Diet is an important modifiable determinant of disease, and it is becoming clear that diet and genetic risk factors are interactive in determining risk for diseases such as cardiovascular disease, diabetes and cancers. Advances in technology have improved our understanding of gene-nutrient interactions, and lead to the development of nutrigenetics, personalized nutrition based on genetics. While evidence is strong for some associations, others remain unclear. As such, the implementation of nutrigenetics remains controversial. While some argue it is not ready for clinical use, it has also been argued that nutrigenetics is unfairly held to a higher standard than traditional nutrition research. Despite the future promise of nutrigenetic testing for improving health outcomes, several barriers in science, technology, acceptance and ethics exist to its implementation.
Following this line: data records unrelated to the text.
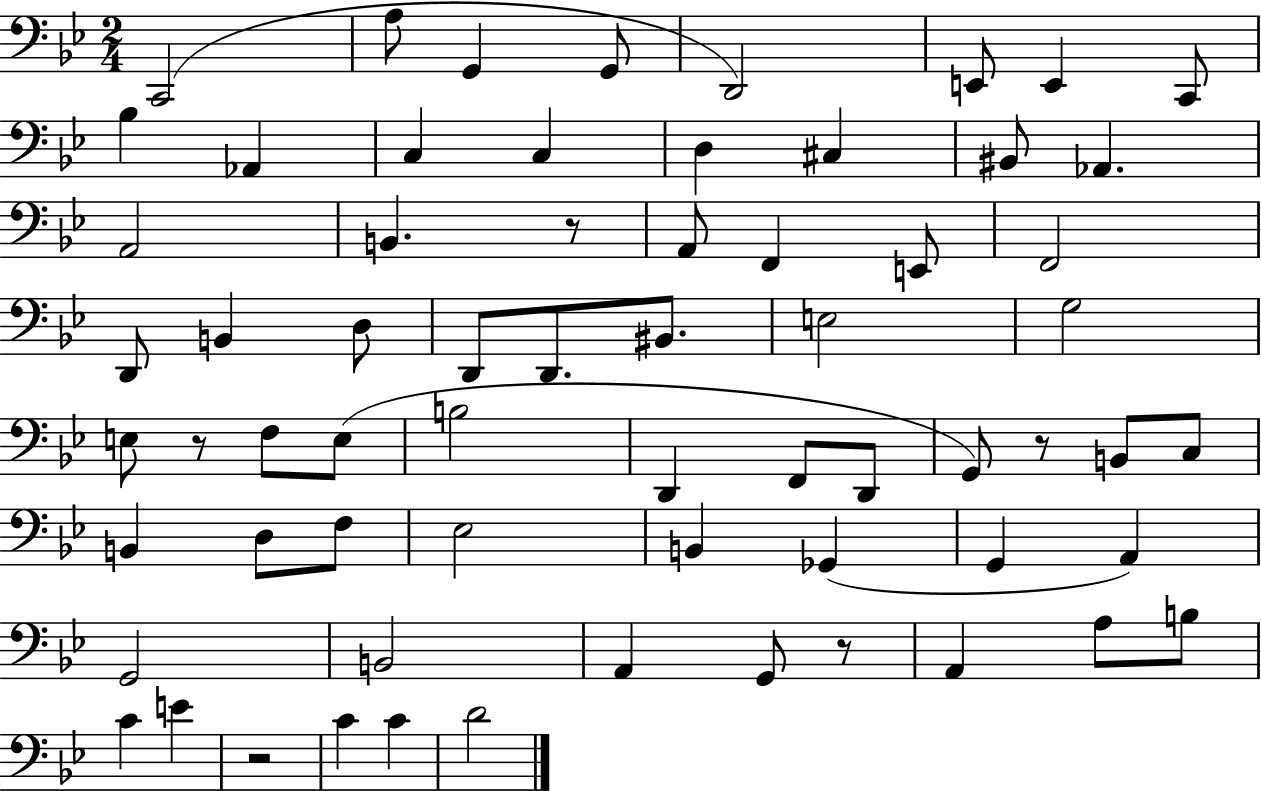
{
  \clef bass
  \numericTimeSignature
  \time 2/4
  \key bes \major
  c,2( | a8 g,4 g,8 | d,2) | e,8 e,4 c,8 | \break bes4 aes,4 | c4 c4 | d4 cis4 | bis,8 aes,4. | \break a,2 | b,4. r8 | a,8 f,4 e,8 | f,2 | \break d,8 b,4 d8 | d,8 d,8. bis,8. | e2 | g2 | \break e8 r8 f8 e8( | b2 | d,4 f,8 d,8 | g,8) r8 b,8 c8 | \break b,4 d8 f8 | ees2 | b,4 ges,4( | g,4 a,4) | \break g,2 | b,2 | a,4 g,8 r8 | a,4 a8 b8 | \break c'4 e'4 | r2 | c'4 c'4 | d'2 | \break \bar "|."
}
Gene-nutrient associations have been identified in a number of lifestyle-associated diseases, and better understanding of these relationships may lead to improved health outcomes. However, the success of nutrigenetics is not only dependent on the strength of the science, but in consumer acceptance and uptake. This narrative review provides an overview of the current landscape for nutrigenetics in relation to key disease states, and addresses the potential barriers to implementation.
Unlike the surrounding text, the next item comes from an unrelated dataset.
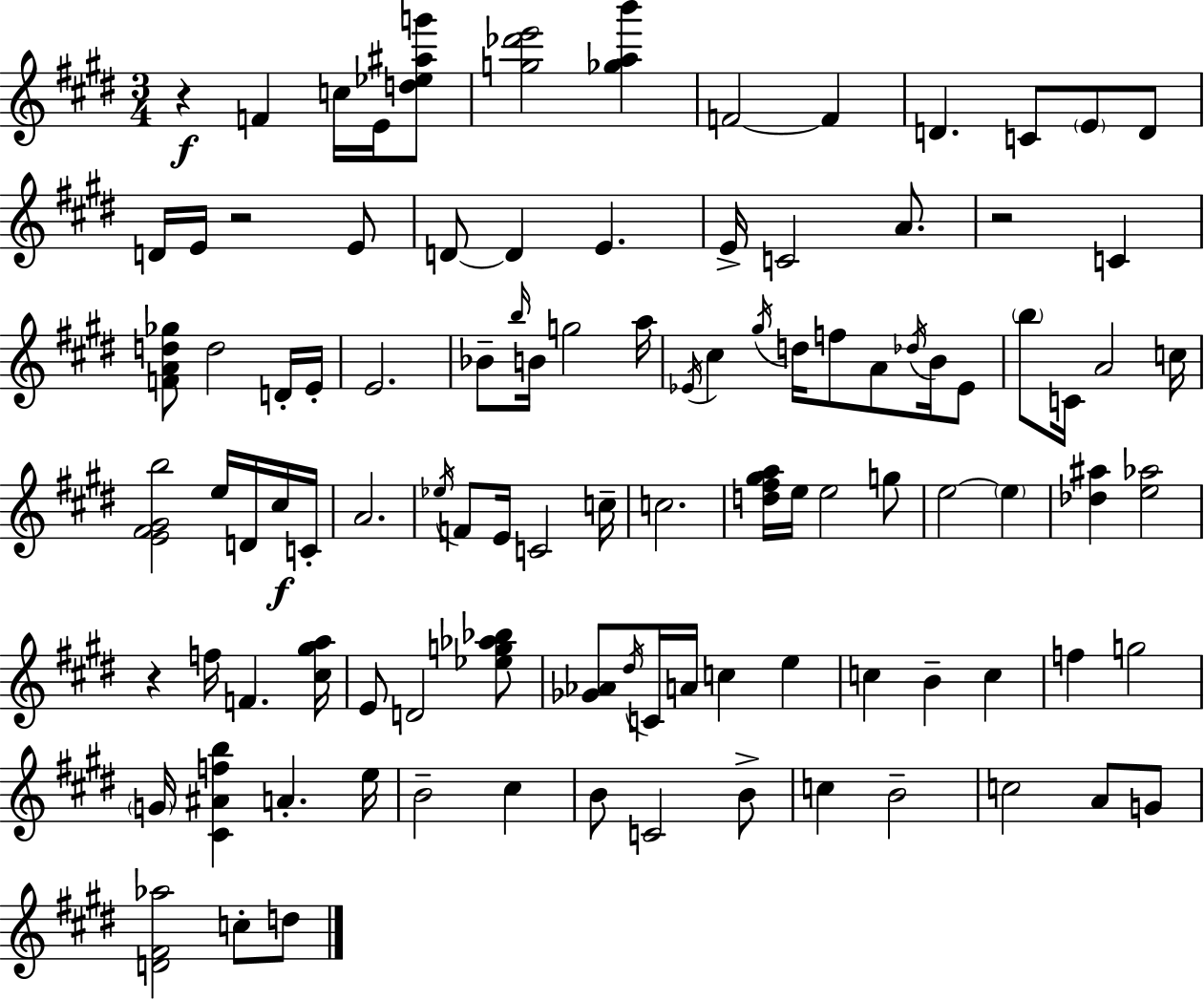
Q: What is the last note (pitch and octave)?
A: D5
Type 2 diabetes is one of the most common chronic disease conditions, accounting for the majority of the 415 million diabetes cases worldwide. Australia currently has 1.7 million diabetics, with a prevalence among Australian Aboriginal and Torres Strait Islander populations 4–5 times that seen in non-indigenous Australians. The financial burden amounts to AU$14.6 billion per year. Known risk factors for type 2 diabetes are being overweight or obese, hypertension, a sedentary lifestyle, low concentration of high density lipoprotein, depression and family history. Nutrient restriction during pregnancy can program alterations to organs and systems in the developing fetus due to intrauterine growth restriction. This plasticity, known as the ‘thrifty phenotype’, has been implicated in a wide range of adult disease conditions, including type 2 diabetes. Developmental programming via epigenetic mechanisms has resulted in a reduction of pancreatic beta cell mass, disruption of glucose transport proteins and signaling, and earlier onset of glucose intolerance of offspring, and is transgenerational in nature. Indigenous populations around the world appear to be at greater risk of programming effects, thought to be a consequence of rapid dietary and lifestyle changes. Interventions aimed at ensuring adequate maternal nutrition may reduce the extent of the deleterious epigenetic modifications and reduce the prevalence of type 2 diabetes in Australian Aboriginal and Torres Strait Islander populations.